Cela fait partie des leçons que nous devons tirer, et cela veut dire aussi, qu'il faut mettre en place la politique industrielle qui va bien pour, peut-être, relocaliser, avoir également une politique de stockage au niveau européen. Donc oui, il faut tirer des leçons, avoir un retour d'expérience mais je me méfie des tribunaux trop hâtivement constitués.
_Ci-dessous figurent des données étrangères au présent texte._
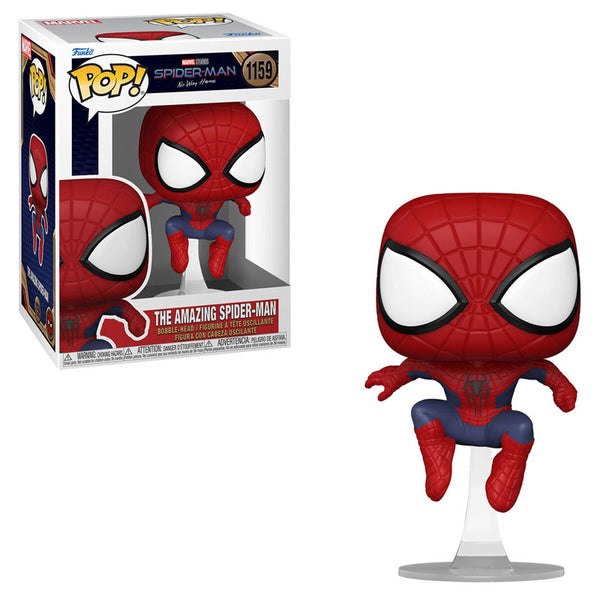 Funko POP! Marvel Spider-man: No Way Home - The Amazing Spider-Man #1159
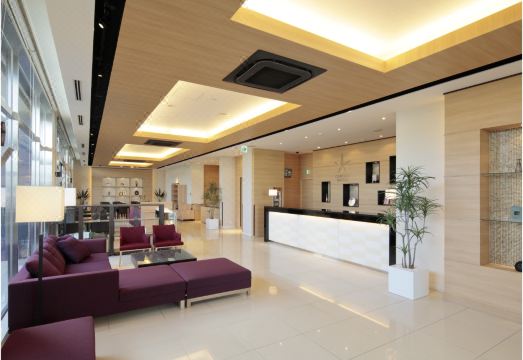 Candeo Hotels Kikuyo Kumamoto Airport Over view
Q - Le débat sur le déconfinement agite l'opinion, certains considèrent qu'il faut encore être prudents, vous le dites vous-même, d'ailleurs, et d'autres, qu'il faut desserrer l'étau, on a entendu le Professeur Delfraissy du conseil scientifique. En ce qui concerne les bars et les restaurants, pourront-ils, d'après vous, supporter encore longtemps les contraintes sanitaires qui leur sont imposées, y compris dans les zones oranges, c'est-à-dire des restaurants qu'en terrasse ? Là, vous l'aurez remarqué, la météo n'est pas très joyeuse, donc il y a peu de gens en terrasse aujourd'hui, il fait froid !

R - Alors, nous sommes aujourd'hui, je crois, le 8 juin. Le 8 juin, Monsieur de la Palice dirait que cela fait 6 jours après le 2 juin.

Q - Nous sommes le 9 juin pour être précis.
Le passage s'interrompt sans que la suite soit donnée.